Crawled caption data:

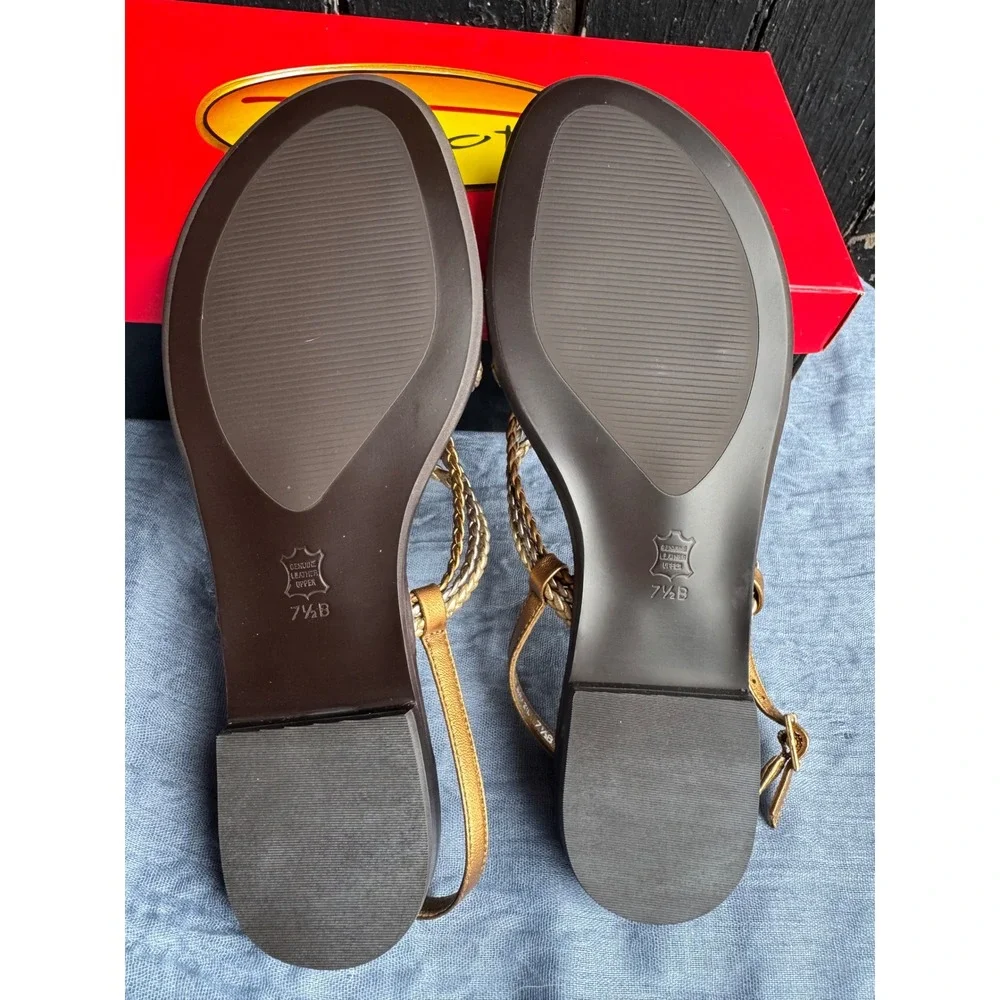 Talbots level bronze
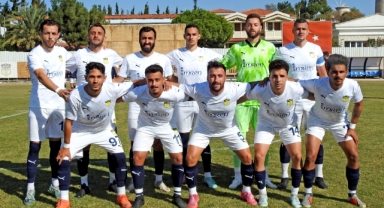 İmren Alaçatıspor, sahasında 3-2 mağlup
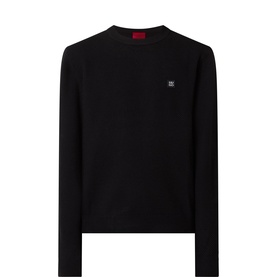 Setal Stacked Logo Sweater
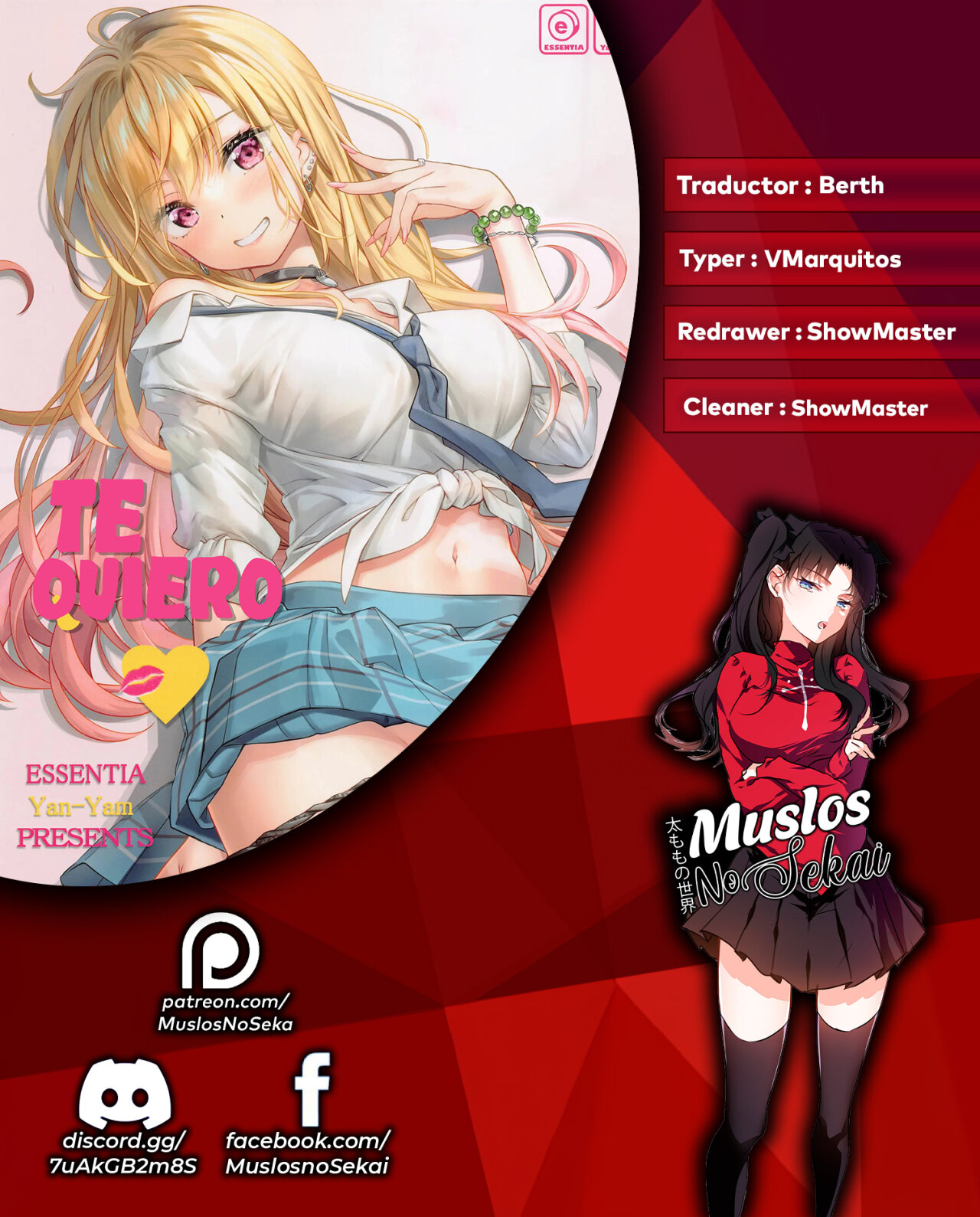 (COMIC1☆20) [ESSENTIA, Yan-Yam (Fujima Takuya, Yan-Yam)] Shuki. (Sono Bisque Doll wa Koi o Suru) [Spanish] 14eme image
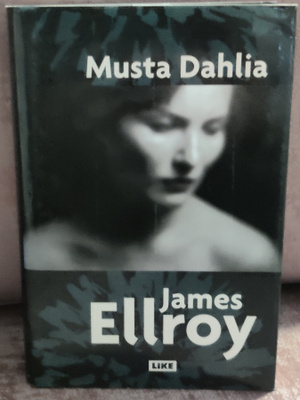 James Ellroy Musta Dahlia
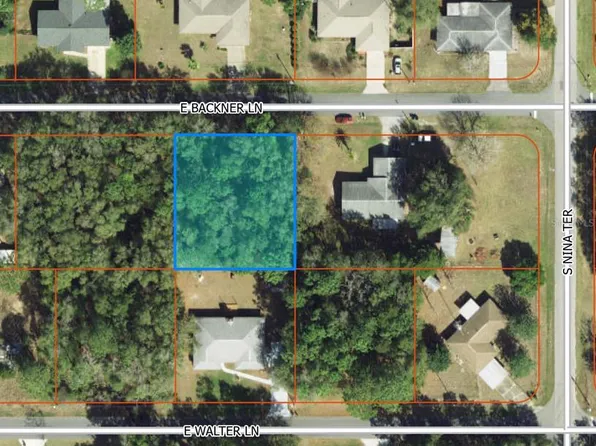 5144 E Backner Ln #8, Inverness, FL 34452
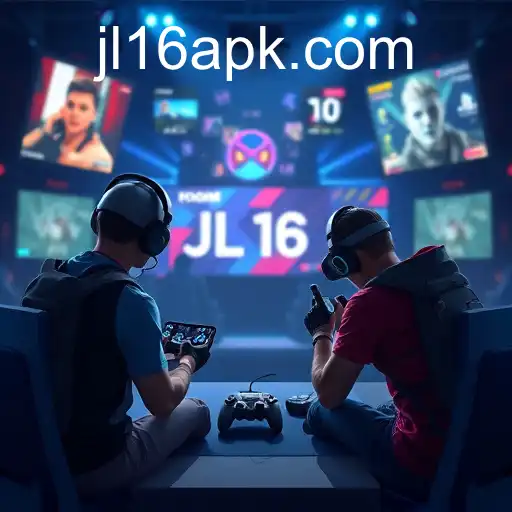 Gaming Evolves with JL16: Future of Online Play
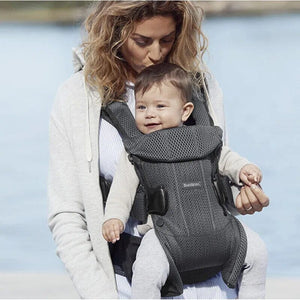 Multifunction Breathable Baby Carrier - Baby Bubble Store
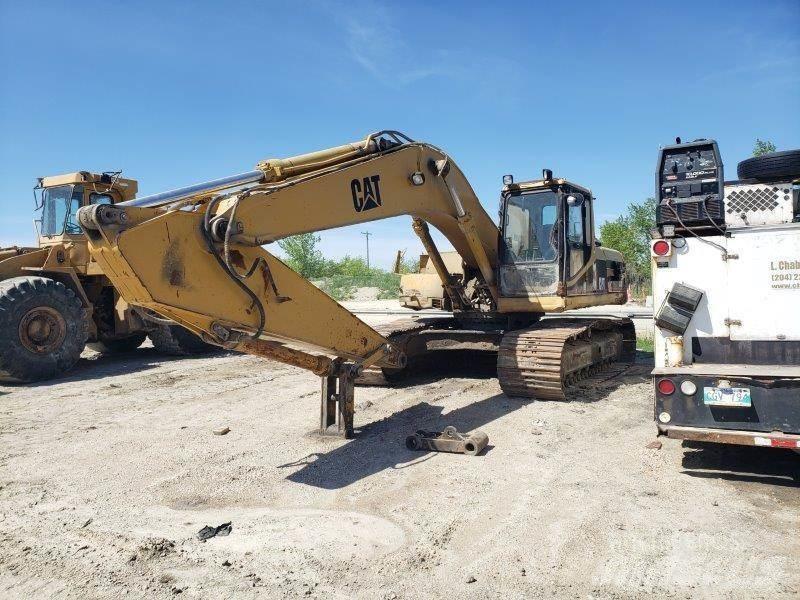 CAT 325L Escavadeiras de esteiras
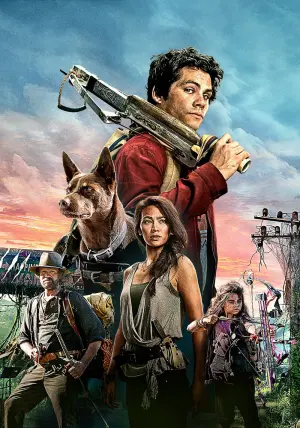 Постер до фильму"Любов і монстри" #224116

## TASK DESCRIPTION:
Give back every record precisely as it stands, without the images.

## PROBLEM SOLUTION:
 Talbots level bronze
 İmren Alaçatıspor, sahasında 3-2 mağlup
 Setal Stacked Logo Sweater
 (COMIC1☆20) [ESSENTIA, Yan-Yam (Fujima Takuya, Yan-Yam)] Shuki. (Sono Bisque Doll wa Koi o Suru) [Spanish] 14eme image
 James Ellroy Musta Dahlia
 5144 E Backner Ln #8, Inverness, FL 34452
 Gaming Evolves with JL16: Future of Online Play
 Multifunction Breathable Baby Carrier - Baby Bubble Store
 CAT 325L Escavadeiras de esteiras
 Постер до фильму"Любов і монстри" #224116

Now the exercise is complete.